_REQUIRED ACTION_: Repeat all of the data below word for word, keeping no images.

_SUPPLIED INFORMATION_:
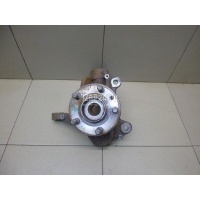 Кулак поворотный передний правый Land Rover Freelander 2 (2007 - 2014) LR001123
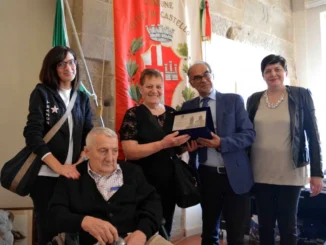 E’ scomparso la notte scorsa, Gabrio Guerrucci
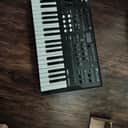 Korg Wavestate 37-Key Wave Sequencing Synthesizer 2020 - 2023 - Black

_OUTPUT_:
 Кулак поворотный передний правый Land Rover Freelander 2 (2007 - 2014) LR001123
 E’ scomparso la notte scorsa, Gabrio Guerrucci
 Korg Wavestate 37-Key Wave Sequencing Synthesizer 2020 - 2023 - Black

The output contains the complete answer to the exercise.